Let's look at who might be pointing to it. We can skip ChangeRecords, since 
they won't get stored. So let's try this:


| zt ptrs baddies ptrs2 |
Smalltalk garbageCollect.
zt := (ReadOnlyVariableBinding allInstances select: [ :ea | ea key = #ZTime ]) 
first.
ptrs := Smalltalk pointersTo: zt except: { zt. zt key. zt value. }.
baddies := OrderedCollection new.
ptrs do: [ :p |
	ptrs2 := nil.
	ptrs2 := Smalltalk pointersTo: p except: { ptrs. p. thisContext. thisContext 
sender. thisContext home. thisContext blockHome. zt. zt key. zt value. 
baddies. baddies collector }.
	ptrs2 := ptrs2 reject: [ :ea |
		('*ChangeRecord*' match: ea class name) ].
	ptrs2 isEmpty ifFalse: [baddies addAll: ptrs2 ].
].
baddies asArray inspect.


Which shows me a single MethodContext, whose receiver is Delay, and whose 
source is missing. But looking around the context, I see that there is a temp 
of a Semaphore, and on its list is a process with priority 80.

Opening a Process browser, I see that that's the timer interrupt watcher. 
Apparently this didn't get recompiled and restarted, or it's the old method.

By printing the result of

	Delay class compiledMethodAt: #timerInterruptWatcher

I see that the method is different (different identityHash).

OK... let's try to fix the problem. Looks like I'll have to restart the timer 
interrupt watcher, but I don't want to kill off the existing delays.

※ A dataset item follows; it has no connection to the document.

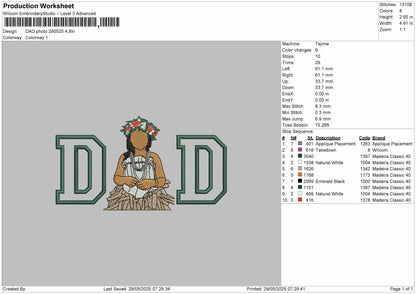 DAD applique Photo  for Embroidery machine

Reading the code of Delay class shows how this might work.

Let's try:

	Delay shutDown; startTimerInterruptWatcher; startUp.

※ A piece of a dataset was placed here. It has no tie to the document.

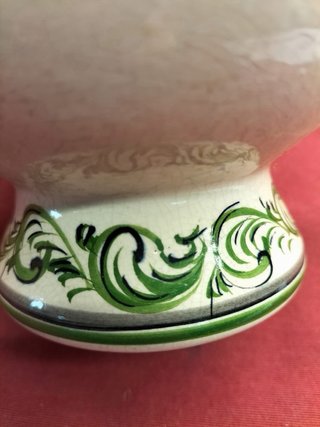 Jarra faiança pintada à mão c/ flores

Repeating the search for baddies above shows that that one reference has been 
removed.

Trying the project storage (with a change sorter) again now works.

Was that fun, or what?

Why did I say that the class was "improperly renamed"? Notice that all of the 
other associations besides #ZTime and #ZDate refer to classes whose names 
start with "AnObsolete" and which will in fact report that they are obsolete 
when asked.

However, #ZTime and #ZDate actually point to live classes with other names!

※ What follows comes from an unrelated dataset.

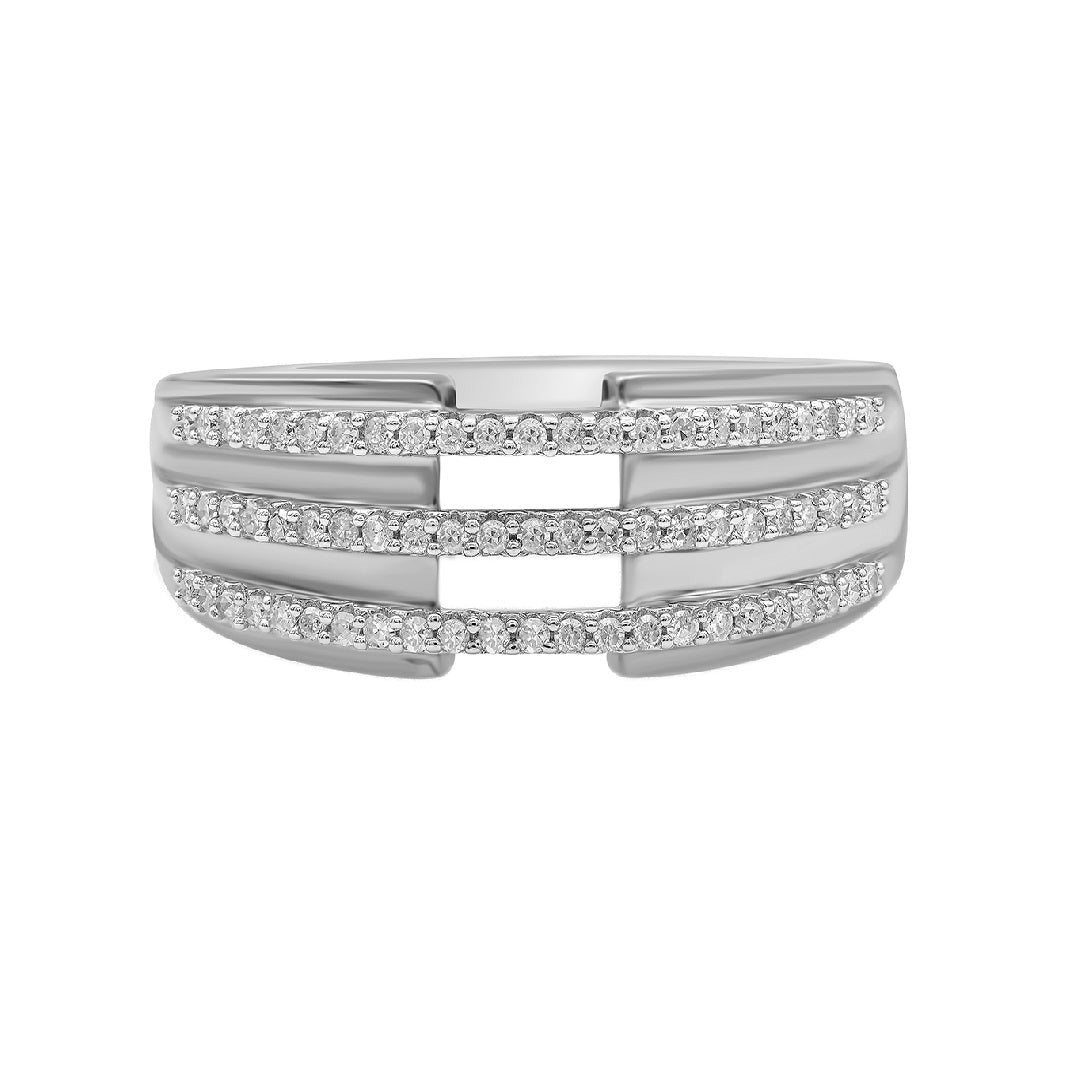 Three Row Wedding Band in 10K Gold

How did this happen? Well, in the postscript of change set 
5668Chrnl-i-CnvtTDateTTime1 there is the following code:

| jdn |
jdn _ SystemVersion current date asDate julianDayNumber.

#(#Date #Time #TimeStamp) 	
	do: 	[ :s | | zname tname |
		Transcript show: (Smalltalk at: s) allInstances; cr.
		zname  _ ('Z', s) asSymbol.
		tname  _ ('T', s) asSymbol.
		(Smalltalk at: s) rename: zname.
		(Smalltalk at: tname) rename: s.
		(Smalltalk systemNavigation allCallsOn: (Smalltalk associationAt: zname))
			do: [ :ref | ref actualClass ifNotNilDo: [ :ac | ac recompile: ref 
methodSymbol ] ].
		Smalltalk forgetClass: (Smalltalk at: zname) logged: false.
		Transcript show: 'replaced ', s; cr ].

Transcript show: 'removing subclasses....'.
(Magnitude subclasses select: [ :sc | sc name beginsWith: 'Z' ]) 
	do:  [ :sc | Magnitude  removeSubclass: sc ].
Transcript tab; show: 'removed.'; cr.


That is (for instance, for #ZTime):

* There used to be a subclass of Magnitude called Time.
* we defined a new class called TTime
* we renamed Time to ZTime
* we renamed TTime to Time
* we then recompiled all the references to the old versions of Time (which was 
now named #ZTime)
* we then forgot #ZTime, and tried not to remember that we had done so (in the 
change set) 
* then we tried to remove #ZTime (again) using #removeSubclass: (this 
shouldn't have been necessary after #forgetClass:logged:, and is almost 
always the wrong thing to do from outside the guts of the system).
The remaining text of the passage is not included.